The records —
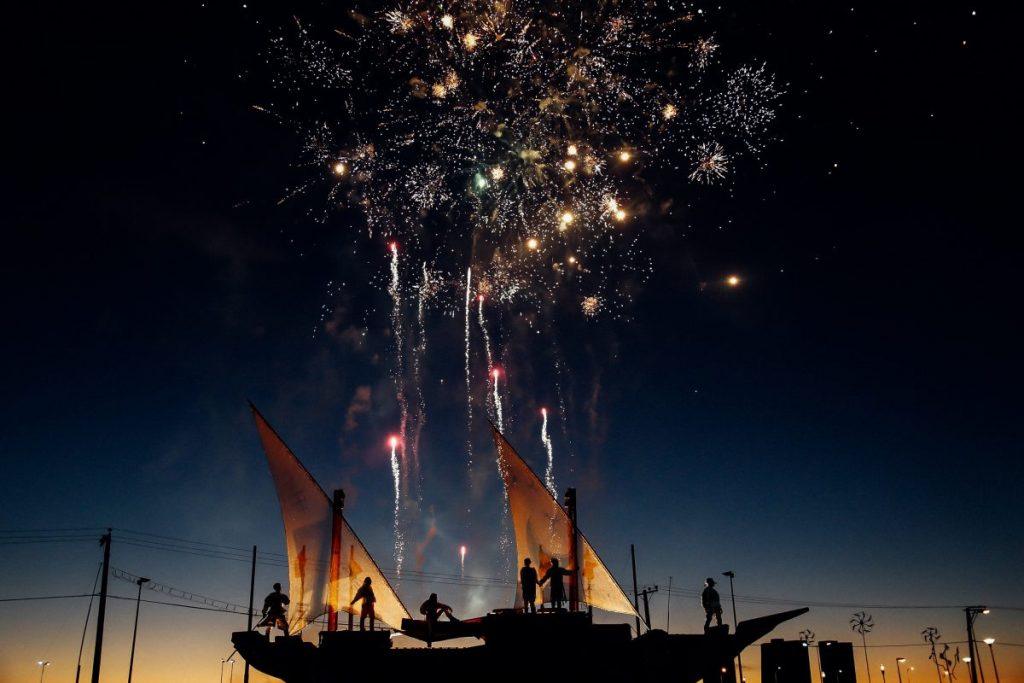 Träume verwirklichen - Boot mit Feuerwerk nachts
--
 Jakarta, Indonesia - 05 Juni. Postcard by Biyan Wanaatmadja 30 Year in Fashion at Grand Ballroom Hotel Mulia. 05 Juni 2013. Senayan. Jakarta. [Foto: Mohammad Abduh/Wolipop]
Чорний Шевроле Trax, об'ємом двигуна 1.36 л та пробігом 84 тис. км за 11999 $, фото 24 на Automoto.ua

Task details — All that belongs in your answer is the stretch of entries above from the line with "Jakarta, Indonesia - 05" through the line with "Чорний Шевроле Trax, об'ємом", printed exactly.

Completed exercise —
 Jakarta, Indonesia - 05 Juni. Postcard by Biyan Wanaatmadja 30 Year in Fashion at Grand Ballroom Hotel Mulia. 05 Juni 2013. Senayan. Jakarta. [Foto: Mohammad Abduh/Wolipop]
Чорний Шевроле Trax, об'ємом двигуна 1.36 л та пробігом 84 тис. км за 11999 $, фото 24 на Automoto.ua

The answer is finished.